Catastrophe losses during the quarter were minimal, with no significant weather-related insurance losses reported. Reserve development was favorable, subtracting from the combined ratio and supporting profitability.
The company exited its Interboro Insurance business, recognizing a GAAP loss of $1.6 million in Q2 2025. This closure affects results for discontinued operations.
No dividend was declared during the quarter. ACIC does not currently pay a dividend.
Reinsurance, Capital Strength, and Product Developments
American Coastal Insurance continued refining its reinsurance program, a core practice for property insurers to mitigate exposure to catastrophic events. The quota share reinsurance—the portion of premiums and risk transferred to reinsurance partners—was reduced from 20% to 15%, effective June 1, 2025. This results in higher net retention, meaning the company bears more risk but can generate more profit from policies it underwrites, while also absorbing more premium-related costs.

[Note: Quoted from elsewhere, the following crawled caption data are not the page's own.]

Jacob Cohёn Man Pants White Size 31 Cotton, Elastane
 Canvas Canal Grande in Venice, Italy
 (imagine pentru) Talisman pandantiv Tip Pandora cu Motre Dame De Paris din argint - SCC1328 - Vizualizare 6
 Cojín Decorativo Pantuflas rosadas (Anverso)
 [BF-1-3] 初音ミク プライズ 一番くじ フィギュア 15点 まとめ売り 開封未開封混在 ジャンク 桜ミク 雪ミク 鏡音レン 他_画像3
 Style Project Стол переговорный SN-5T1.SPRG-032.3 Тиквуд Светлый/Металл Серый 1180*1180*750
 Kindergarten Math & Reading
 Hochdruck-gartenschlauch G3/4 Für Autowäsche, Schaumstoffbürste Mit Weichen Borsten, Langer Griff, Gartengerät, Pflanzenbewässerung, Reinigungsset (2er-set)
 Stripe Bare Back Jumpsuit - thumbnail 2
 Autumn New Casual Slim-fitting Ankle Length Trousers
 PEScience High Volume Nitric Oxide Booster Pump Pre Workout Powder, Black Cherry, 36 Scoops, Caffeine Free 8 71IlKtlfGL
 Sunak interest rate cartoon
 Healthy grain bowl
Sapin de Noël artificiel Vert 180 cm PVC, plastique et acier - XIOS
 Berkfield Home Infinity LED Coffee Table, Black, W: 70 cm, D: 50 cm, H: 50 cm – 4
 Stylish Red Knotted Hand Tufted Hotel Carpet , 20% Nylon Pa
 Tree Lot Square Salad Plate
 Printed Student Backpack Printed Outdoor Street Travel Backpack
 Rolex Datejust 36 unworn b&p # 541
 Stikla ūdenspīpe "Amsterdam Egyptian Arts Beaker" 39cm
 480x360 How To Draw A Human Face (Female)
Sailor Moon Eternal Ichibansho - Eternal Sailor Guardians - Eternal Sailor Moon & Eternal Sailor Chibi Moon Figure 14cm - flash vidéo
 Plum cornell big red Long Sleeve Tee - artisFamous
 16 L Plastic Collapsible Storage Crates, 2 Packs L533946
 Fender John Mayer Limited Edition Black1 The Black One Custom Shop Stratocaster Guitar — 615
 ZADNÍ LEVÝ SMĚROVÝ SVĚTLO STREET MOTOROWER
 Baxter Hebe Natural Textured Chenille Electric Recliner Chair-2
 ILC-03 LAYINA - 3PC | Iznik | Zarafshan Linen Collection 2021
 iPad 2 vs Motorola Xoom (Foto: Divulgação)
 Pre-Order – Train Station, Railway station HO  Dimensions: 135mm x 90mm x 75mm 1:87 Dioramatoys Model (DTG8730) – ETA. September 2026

The company also invested in additional excess-of-loss reinsurance, a form of protection that covers losses above a certain threshold. These layers now provide up to $1.35 billion in protection per event for 2025, compared to $1.16 billion in 2024, reflecting greater caution and increased exposure. Retention per catastrophic event increased to $29.75 million for 2025. Management emphasized that catastrophe protection has become broader, including improved protection against multiple events in a single season.
Exclusive arrangements with AmRisc Group for product distribution continued to shape growth and costs. The new AmRisc contract includes both a 1% higher management fee—impacting acquisition costs—and a profit-sharing element further incentivizing performance. These changes led to higher near-term costs.
Book value per common share rose 22.6%, from $4.89 at December 31, 2024 to $6.00 at June 30, 2025, a measure of shareholder equity per outstanding share. This reflected not only profit generation but also improved investment results in the company’s large portfolio—fixed maturities comprised approximately 78.0% of the company’s $726.2 million in cash and investment holdings as of June 30, 2025. The company’s balance sheet continued to strengthen, with equity reaching $292.3 million as of Q2 2025.
Looking Ahead: Guidance and Key Trends
Management did not provide explicit financial guidance for the next quarter or the full fiscal year. However, leadership flagged continued focus on maintaining strong reinsurance capacity, measured expansion in new lines such as apartment insurance, and a disciplined approach to underwriting risks in the competitive Florida market.
The resilience of book value growth, protection from adverse reserve development, and additional changes in the partnership structure or reinsurance program will remain central to the company’s near-term prospects.
ACIC does not currently pay a dividend.
Revenue and net income presented using U.S. generally accepted accounting principles (GAAP) unless otherwise noted.